For panel member David Eastmond, the debate boils down to a core question: “Do I believe this chemical is clearly shown through scientific testing to cause cancer?”

This month, Eastmond’s committee will vote on two potentially cancer-causing chemicals: C.I. Disperse Yellow 3, a dye used to color clothes and carpeting products, and DMNM, which is used in industrial processes. Both have been tested for carcinogenicity in animals.

Most chemicals that come up for consideration now are not well known, since the obvious carcinogens, like arsenic and formaldehyde, are already listed. So members can spend weeks poring over studies to form a conclusion.

‘Personal interpretation’

The debate can get heated. Four years ago, Eastmond, a UC Riverside cell biology professor, found himself the lone dissenter when everyone else on the panel voted to declare marijuana smoke a carcinogen.

“It really came down to a personal interpretation of the evidence and not what I personally hoped or thought would be the case,” he said. “I think marijuana smoke would be carcinogenic, but at the time I felt the evidence wasn’t sufficient to be listed.”

At other times, panels hold back. In 2009, the developmental toxic substances panel outraged health advocates by concluding that there wasn’t enough proof to list bisphenol-A, a chemical widely used in making plastic.

And sometimes the panels can be as controversial as the chemicals. Last year, Gov. Jerry Brown removed Dr. La Donna Porter from the developmental toxicant committee after she appeared in an ad funded by the tobacco industry opposing Proposition 29, the unsuccessful 2012 ballot measure that would have imposed an additional tax on tobacco to fund cancer research.

Critics’ charges

As Prop. 65 enters its 27th year, critics say the warning signs it has generated have become so ubiquitous they are virtually meaningless. They also argue that because anyone can file a lawsuit under it, it has turned into a moneymaking mechanism for attorneys.

In 2011, more than 300 Prop. 65 cases were settled for id=”mce_marker”6.3 million, but less than $400,000 went to the state’s attorney general.

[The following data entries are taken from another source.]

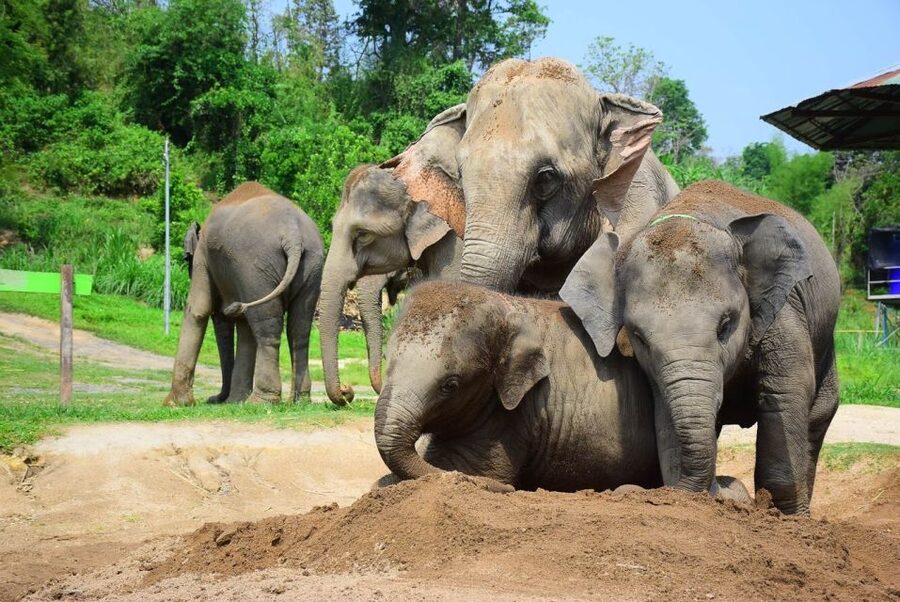 From Chiang Mai: Elephant Care Program and Nursery Tour - Lunch after the mud, with time to dry off
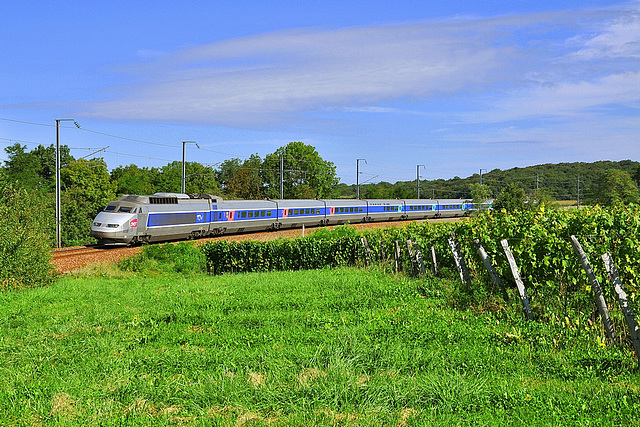 PSE dans les vignes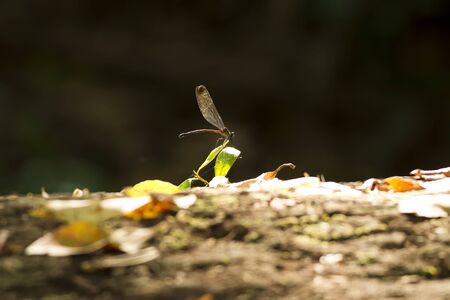 Dragonfly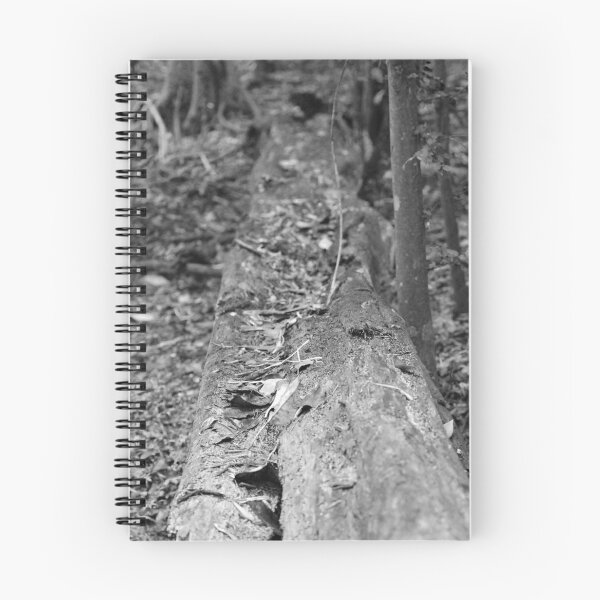 Item preview, looking designed and sold by Jodie Cooper.
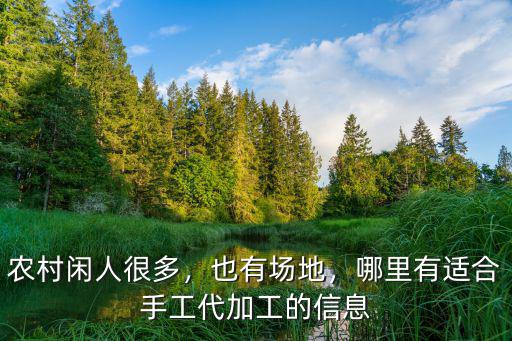 農(nóng)村閑人很多，也有場地，哪里有適合手工代加工的信息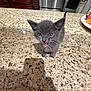 Thor joined the competition — help win amazing prizes! animal, appliance, cabinet, countertop, cute, domestic_animal, fur, gray_cat, home, indoor, kitchen, kitten, marble_countertop, meowing, person, pet, refrigerator, shadow, small, white_paws
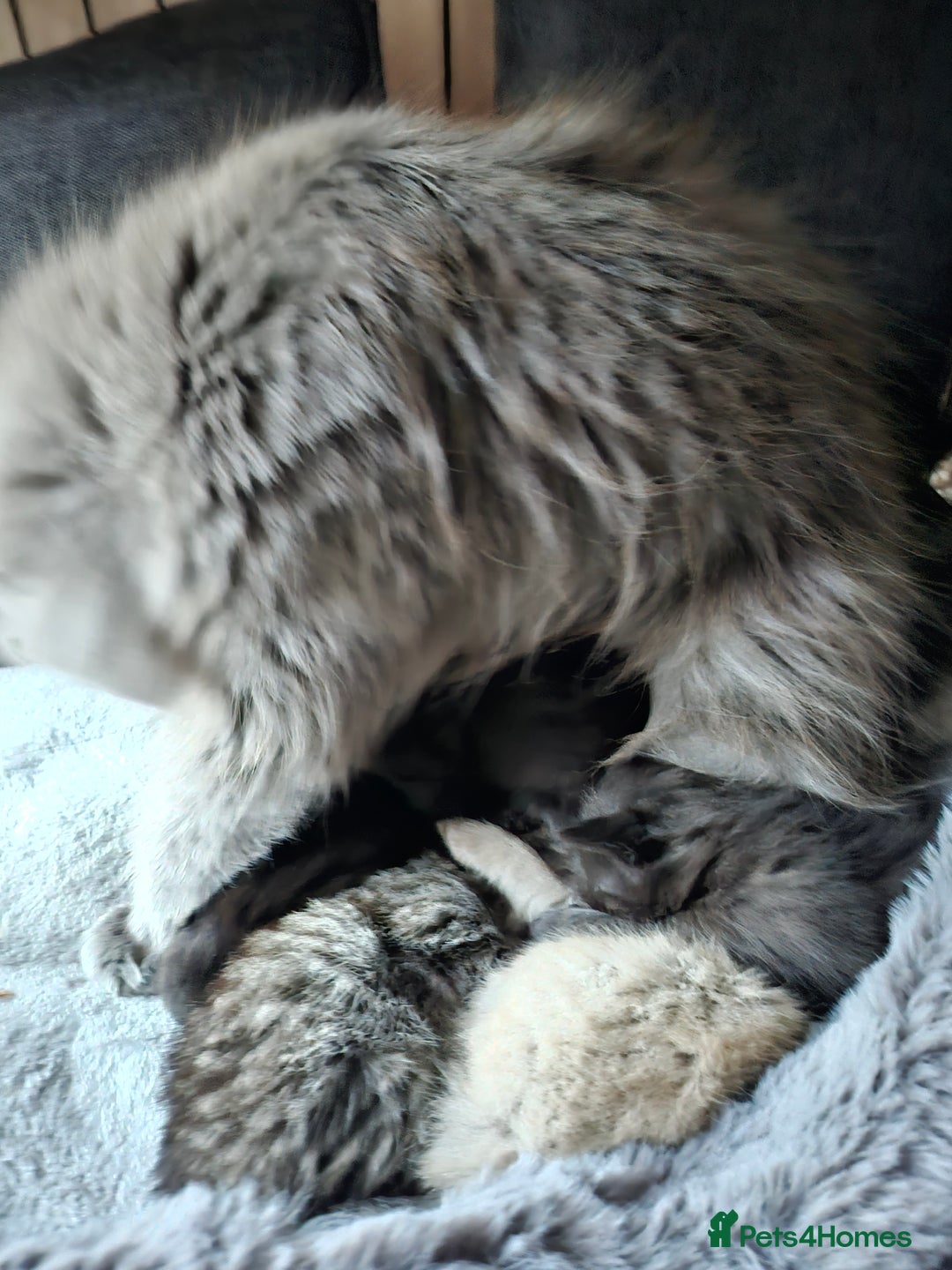 Scottish Fold cats for sale: Scottish fold kittens for sale 4 wks old - Advert 2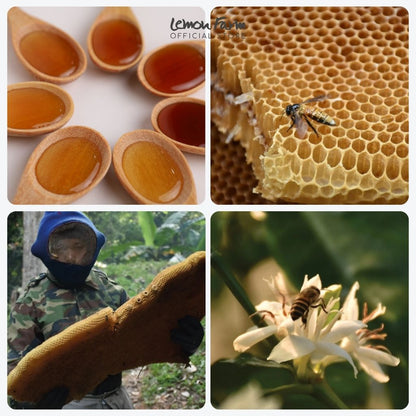 Premium Wild Honey 130 g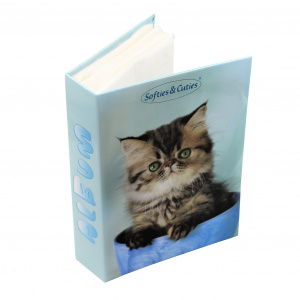 Album foto Cute Pets 100 poze pisicuta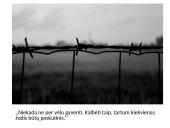 Just. Marcinkevičius - skaidrės 17 puslapis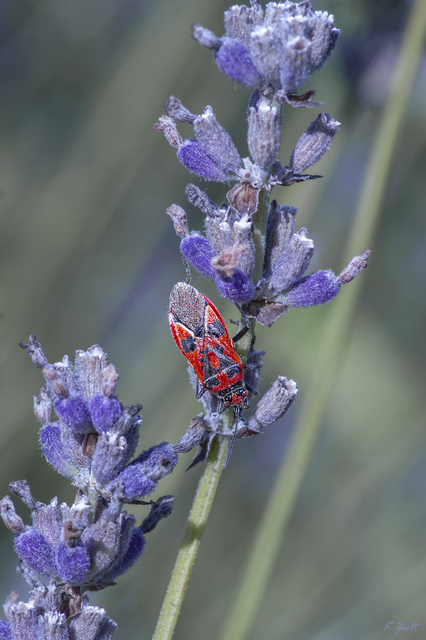 Corizus hyoscyami - piros karimáspoloska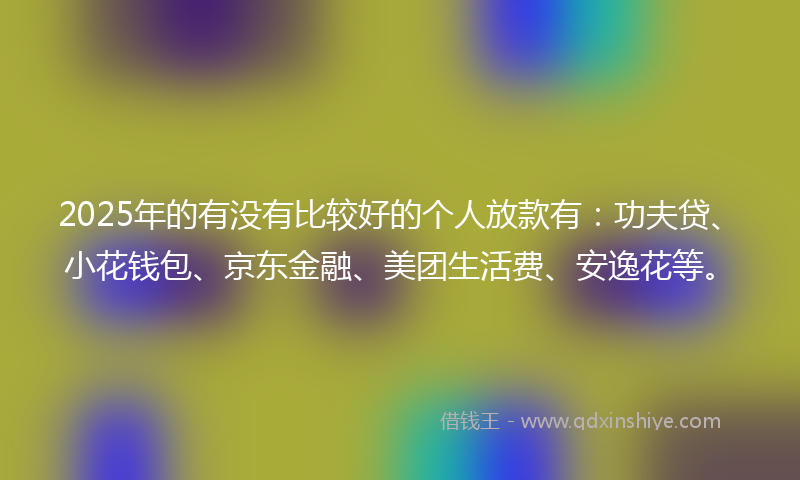 2025年的有没有比较好的个人放款有：功夫贷、小花钱包、京东金融、美团生活费、安逸花等。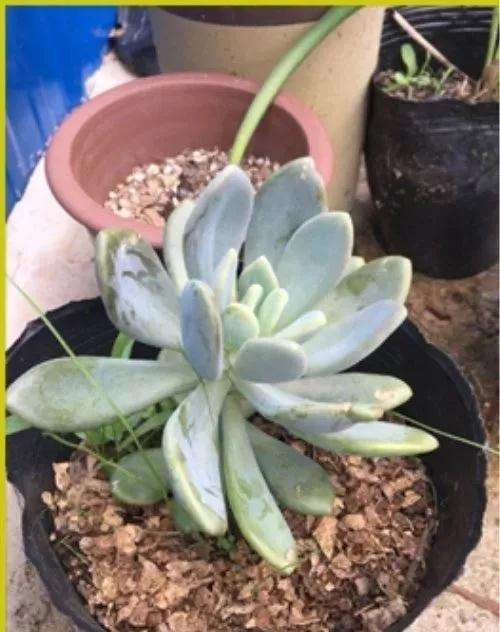 多肉植物太瘦怎么办 加花生壳 图片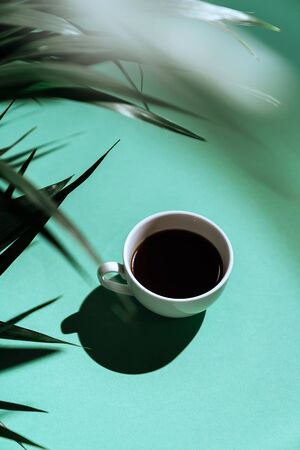 Morning coffee on the colorful background and palm branches. On blurred background with copy space. A cup of coffee under a palm tree.の写真素材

Those figures don’t reflect how much money companies have spent to prevent lawsuits and defend themselves from them, said Brophy, the attorney. “I don’t even think we even have ways to measure the negative impact on the business community that Proposition 65 has motivated,” she said.

But Green of the Center for Environmental Health said the loss to businesses is far outweighed by the hundreds of lawsuits that have benefited the public.

“If someone brings a lawsuit that the result of it is to protect kids from lead, and that’s the final outcome, I think that’s a good thing,” he said. “I think that says it all.”